Much was made of the trade acquisition and subsequent signing of Kevin Kolb by the Arizona Cardinals this offseason, and the team did so with the intention of having the quarterback be its starter for years to come. And he could well do so.
But it's worth noting that if Kolb's production doesn't improve in the near future, the Cardinals could move on with minimal financial and salary-cap ramifications, according to the quarterback's contract.
Kolb missed significant time earlier this season with foot and ankle injuries, and he isn't likely to play Sunday against the Cleveland Browns as he recovers from a concussion.
Kolb will earn a $10 million signing bonus and $2 million salary in 2011. He's due a $7 million roster bonus this March, which conceivably could be declined by the Cardinals, meaning they would could get out of Kolb's deal after paying him just $12 million over one year.
Kolb has a $1 million salary in 2012, bringing his total compensation for that year to $8 million, and $20 million over the first two years of the deal.

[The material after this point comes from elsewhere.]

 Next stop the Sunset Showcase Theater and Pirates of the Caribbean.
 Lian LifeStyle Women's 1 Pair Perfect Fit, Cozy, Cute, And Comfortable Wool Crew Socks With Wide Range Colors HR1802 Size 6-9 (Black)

With a $9 million salary and $2 million roster bonus due to Kolb in 2013, the Cardinals again have another chance to move on with limited finacial ramifications at the beginning of that league year.
If Kolb were released in 2013 -- when the salary cap projects to jump considerably -- he would count just $6 million in dead cap space. He would count $8 million against the salary cap if released in 2012, but the team would save $8 million in real dollars by not owing him his $7 million roster bonus and $1 million salary.
Kolb currently is set to count $10.5 million against the 2012 cap.